● **PROVIDED DATA**
★ ★ ★ ★ ★ ★ ★

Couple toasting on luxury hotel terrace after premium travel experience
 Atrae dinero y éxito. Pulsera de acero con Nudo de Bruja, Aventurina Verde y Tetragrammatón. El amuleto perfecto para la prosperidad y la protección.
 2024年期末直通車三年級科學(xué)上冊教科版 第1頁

★ ★ ★ ★ ★ ★ ★

● **WORK ITEM**
Each line of the listing should be retyped exactly, with nothing left out.

● **REPLY**
Couple toasting on luxury hotel terrace after premium travel experience
 Atrae dinero y éxito. Pulsera de acero con Nudo de Bruja, Aventurina Verde y Tetragrammatón. El amuleto perfecto para la prosperidad y la protección.
 2024年期末直通車三年級科學(xué)上冊教科版 第1頁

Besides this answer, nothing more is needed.